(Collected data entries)
+ + + + +

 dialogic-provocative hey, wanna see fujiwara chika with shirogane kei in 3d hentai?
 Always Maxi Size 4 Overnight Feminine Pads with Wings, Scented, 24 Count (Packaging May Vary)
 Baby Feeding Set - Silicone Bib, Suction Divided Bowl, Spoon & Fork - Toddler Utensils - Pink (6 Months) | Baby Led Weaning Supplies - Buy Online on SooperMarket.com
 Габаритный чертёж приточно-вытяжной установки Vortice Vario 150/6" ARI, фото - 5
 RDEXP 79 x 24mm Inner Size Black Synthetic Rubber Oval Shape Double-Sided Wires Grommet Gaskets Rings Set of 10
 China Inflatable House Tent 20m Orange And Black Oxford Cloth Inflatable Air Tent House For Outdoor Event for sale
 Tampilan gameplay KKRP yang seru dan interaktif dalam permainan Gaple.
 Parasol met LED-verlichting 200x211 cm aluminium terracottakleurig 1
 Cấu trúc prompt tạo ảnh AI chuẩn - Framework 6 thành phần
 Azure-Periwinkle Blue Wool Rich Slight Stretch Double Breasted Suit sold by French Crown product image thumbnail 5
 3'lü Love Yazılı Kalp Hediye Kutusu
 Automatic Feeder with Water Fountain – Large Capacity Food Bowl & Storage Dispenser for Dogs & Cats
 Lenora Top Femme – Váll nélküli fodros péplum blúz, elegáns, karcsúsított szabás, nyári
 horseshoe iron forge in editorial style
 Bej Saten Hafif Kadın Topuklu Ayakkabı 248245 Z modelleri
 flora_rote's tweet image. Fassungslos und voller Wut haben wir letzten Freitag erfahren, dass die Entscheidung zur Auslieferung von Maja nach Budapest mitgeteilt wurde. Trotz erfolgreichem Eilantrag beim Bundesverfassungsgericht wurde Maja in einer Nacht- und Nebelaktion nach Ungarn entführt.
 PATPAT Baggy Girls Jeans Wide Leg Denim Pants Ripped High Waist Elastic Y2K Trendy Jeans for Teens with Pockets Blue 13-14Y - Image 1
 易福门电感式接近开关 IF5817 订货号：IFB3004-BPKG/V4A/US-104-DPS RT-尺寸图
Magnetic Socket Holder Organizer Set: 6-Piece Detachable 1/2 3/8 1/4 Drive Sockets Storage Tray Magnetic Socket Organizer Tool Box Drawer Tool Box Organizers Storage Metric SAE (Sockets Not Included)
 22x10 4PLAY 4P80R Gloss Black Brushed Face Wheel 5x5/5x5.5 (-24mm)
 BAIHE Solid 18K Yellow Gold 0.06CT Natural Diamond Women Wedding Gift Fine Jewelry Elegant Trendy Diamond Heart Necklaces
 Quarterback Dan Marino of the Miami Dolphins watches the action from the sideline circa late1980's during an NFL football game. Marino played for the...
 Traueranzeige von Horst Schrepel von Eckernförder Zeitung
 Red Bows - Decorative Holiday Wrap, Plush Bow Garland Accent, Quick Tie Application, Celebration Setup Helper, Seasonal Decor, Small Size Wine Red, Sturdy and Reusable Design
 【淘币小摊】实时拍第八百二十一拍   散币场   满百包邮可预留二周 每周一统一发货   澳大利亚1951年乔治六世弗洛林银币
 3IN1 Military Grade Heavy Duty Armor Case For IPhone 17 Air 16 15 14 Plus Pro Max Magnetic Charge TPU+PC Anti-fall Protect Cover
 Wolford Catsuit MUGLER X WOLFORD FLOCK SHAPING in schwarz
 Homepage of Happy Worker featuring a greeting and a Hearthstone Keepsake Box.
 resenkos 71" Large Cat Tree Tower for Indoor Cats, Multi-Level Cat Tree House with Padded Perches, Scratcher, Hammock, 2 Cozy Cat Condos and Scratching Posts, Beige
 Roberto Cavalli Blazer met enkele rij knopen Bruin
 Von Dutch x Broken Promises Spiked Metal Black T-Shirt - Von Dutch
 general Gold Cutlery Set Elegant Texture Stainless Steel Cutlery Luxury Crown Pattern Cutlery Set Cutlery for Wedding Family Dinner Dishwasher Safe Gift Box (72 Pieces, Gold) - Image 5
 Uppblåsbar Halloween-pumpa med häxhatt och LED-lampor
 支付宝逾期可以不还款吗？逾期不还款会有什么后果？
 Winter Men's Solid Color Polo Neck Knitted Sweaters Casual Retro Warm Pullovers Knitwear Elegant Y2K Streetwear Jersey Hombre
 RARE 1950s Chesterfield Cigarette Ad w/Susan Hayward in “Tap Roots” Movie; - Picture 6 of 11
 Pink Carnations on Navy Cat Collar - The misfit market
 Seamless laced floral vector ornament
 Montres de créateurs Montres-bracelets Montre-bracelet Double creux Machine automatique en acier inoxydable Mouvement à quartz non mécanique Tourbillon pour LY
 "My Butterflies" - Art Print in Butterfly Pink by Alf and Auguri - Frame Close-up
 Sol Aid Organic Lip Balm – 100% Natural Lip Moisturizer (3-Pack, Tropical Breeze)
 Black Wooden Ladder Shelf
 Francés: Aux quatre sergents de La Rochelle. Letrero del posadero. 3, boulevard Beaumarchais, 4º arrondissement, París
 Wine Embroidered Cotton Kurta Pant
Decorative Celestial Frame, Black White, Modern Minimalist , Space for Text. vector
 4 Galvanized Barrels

+ + + + +

[Assignment] Copy out the lines above exactly, beginning at the one that contains "Azure-Periwinkle Blue Wool" and ending at the one that contains "Traueranzeige von Horst".

[Solution for this exercise]
 Azure-Periwinkle Blue Wool Rich Slight Stretch Double Breasted Suit sold by French Crown product image thumbnail 5
 3'lü Love Yazılı Kalp Hediye Kutusu
 Automatic Feeder with Water Fountain – Large Capacity Food Bowl & Storage Dispenser for Dogs & Cats
 Lenora Top Femme – Váll nélküli fodros péplum blúz, elegáns, karcsúsított szabás, nyári
 horseshoe iron forge in editorial style
 Bej Saten Hafif Kadın Topuklu Ayakkabı 248245 Z modelleri
 flora_rote's tweet image. Fassungslos und voller Wut haben wir letzten Freitag erfahren, dass die Entscheidung zur Auslieferung von Maja nach Budapest mitgeteilt wurde. Trotz erfolgreichem Eilantrag beim Bundesverfassungsgericht wurde Maja in einer Nacht- und Nebelaktion nach Ungarn entführt.
 PATPAT Baggy Girls Jeans Wide Leg Denim Pants Ripped High Waist Elastic Y2K Trendy Jeans for Teens with Pockets Blue 13-14Y - Image 1
 易福门电感式接近开关 IF5817 订货号：IFB3004-BPKG/V4A/US-104-DPS RT-尺寸图
Magnetic Socket Holder Organizer Set: 6-Piece Detachable 1/2 3/8 1/4 Drive Sockets Storage Tray Magnetic Socket Organizer Tool Box Drawer Tool Box Organizers Storage Metric SAE (Sockets Not Included)
 22x10 4PLAY 4P80R Gloss Black Brushed Face Wheel 5x5/5x5.5 (-24mm)
 BAIHE Solid 18K Yellow Gold 0.06CT Natural Diamond Women Wedding Gift Fine Jewelry Elegant Trendy Diamond Heart Necklaces
 Quarterback Dan Marino of the Miami Dolphins watches the action from the sideline circa late1980's during an NFL football game. Marino played for the...
 Traueranzeige von Horst Schrepel von Eckernförder Zeitung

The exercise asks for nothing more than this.